* [EXERCISE INSTRUCTIONS]
Please reproduce the entries below exactly from the line with "hiato, por esto" through their last line, leaving out any pictures.

== Segment start ==

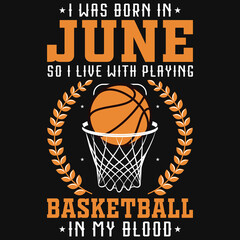 I was born in June so i live with basketball tshirt design 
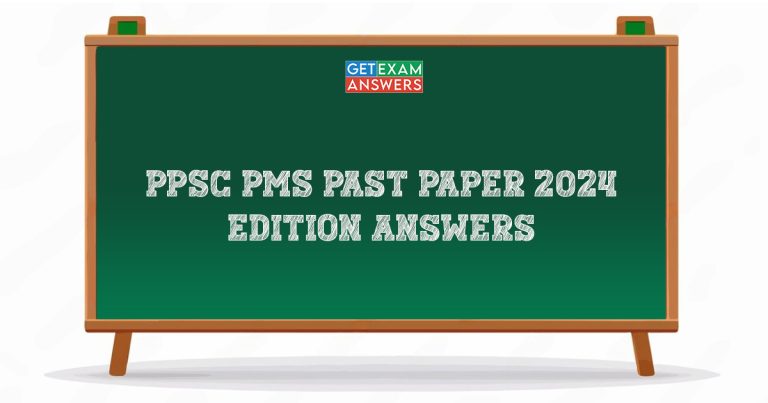 PPSC PMS Past Paper 2024 Edition Answers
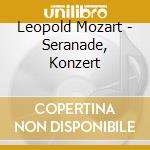Leopold Mozart - Seranade, Konzert cd
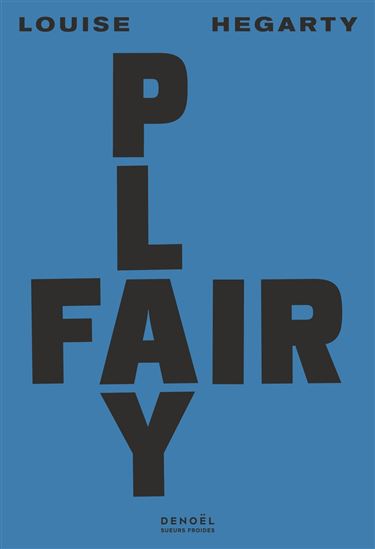 Fair play - LOUISE HEGARTY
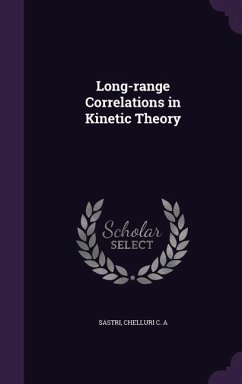 Long-range Correlations in Kinetic Theory - Sastri, Chelluri C a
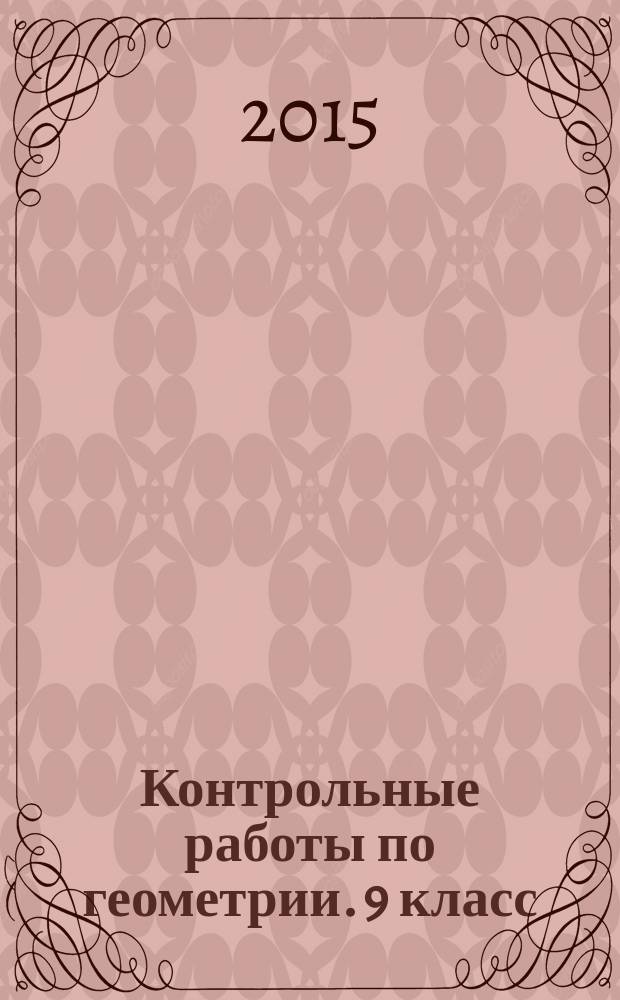 Контрольные работы по геометрии. 9 класс : к учебнику Л. С. Атанасяна и др. "Геометрия. 7-9" (М.: Просвещение)
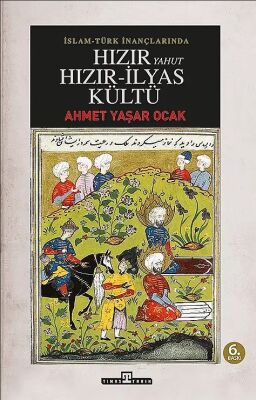 Islam-Türk Inançlarinda Hizir Yahut Hizir Ilyas Kültü - 1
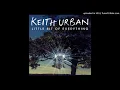 Little Bit of Everything - Keith Urban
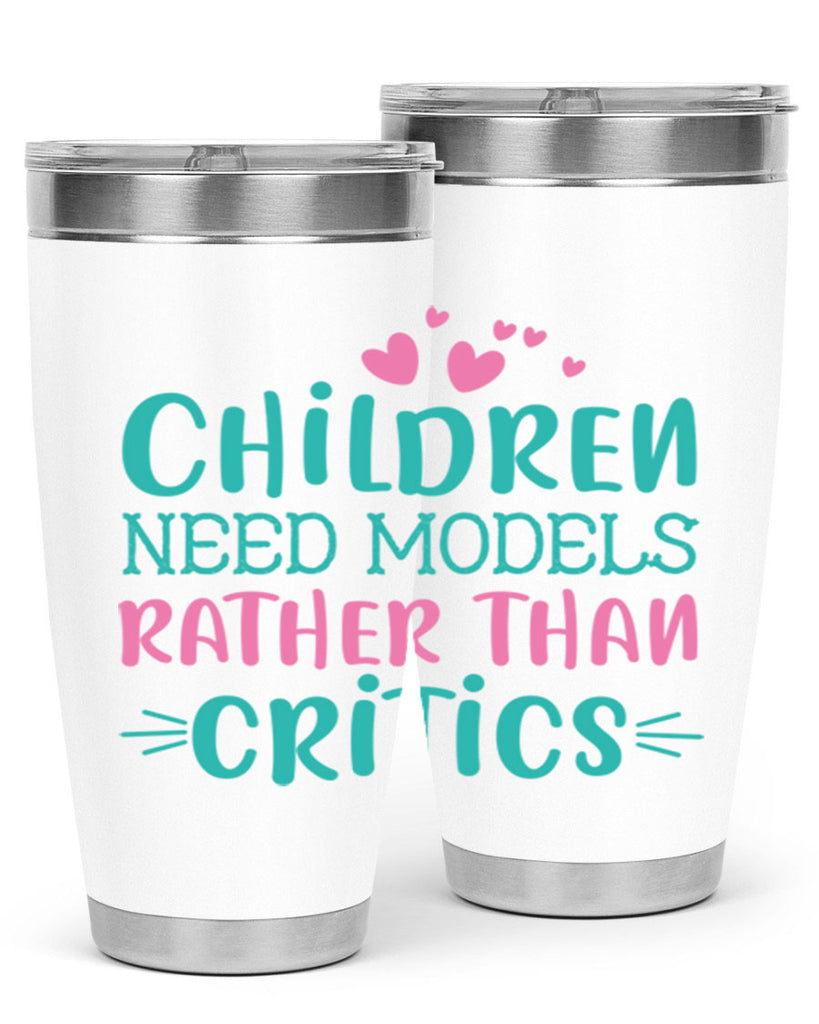 Children need models rather than critics Style 42#- baby- Tumbler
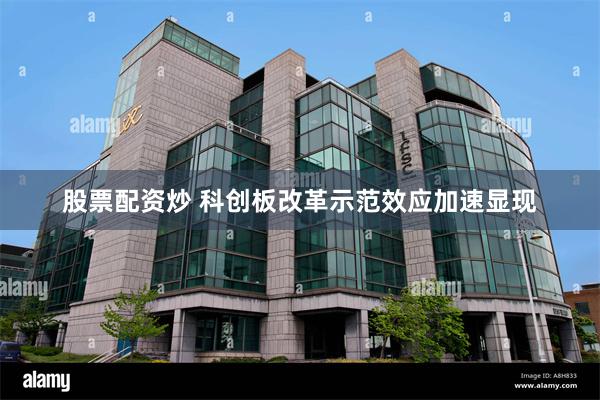 股票配资炒 科创板改革示范效应加速显现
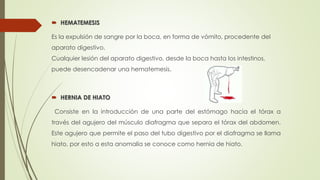  HEMATEMESIS
Es la expulsión de sangre por la boca, en forma de vómito, procedente del
aparato digestivo.
Cualquier lesión del aparato digestivo, desde la boca hasta los intestinos,
puede desencadenar una hematemesis.
 HERNIA DE HIATO
Consiste en la introducción de una parte del estómago hacia el tórax a
través del agujero del músculo diafragma que separa el tórax del abdomen.
Este agujero que permite el paso del tubo digestivo por el diafragma se llama
hiato, por esto a esta anomalía se conoce como hernia de hiato.
 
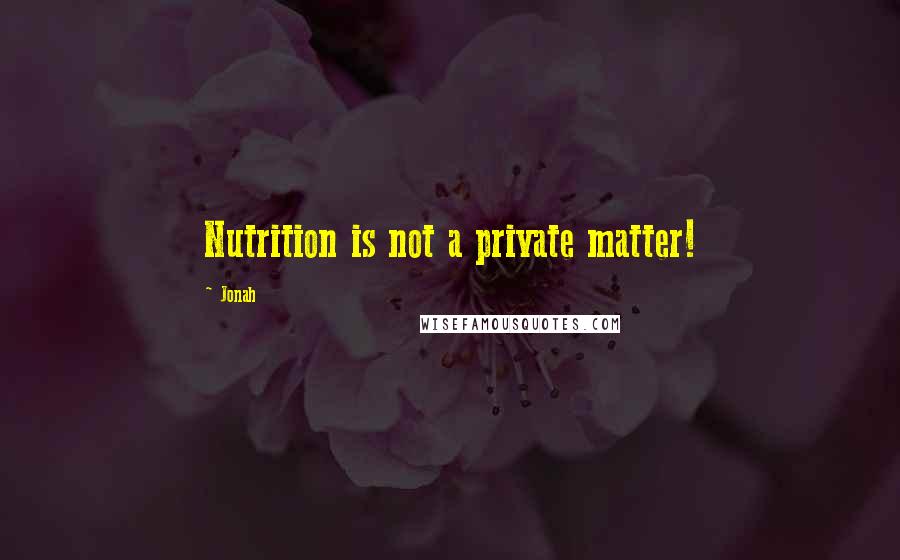 Jonah Quotes: Nutrition is not a private matter!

== Segment end ==

* [COMPLETED TASK]
hiato, por esto a esta anomalía se conoce como hernia de hiato.
 
 Jonah Quotes: Nutrition is not a private matter!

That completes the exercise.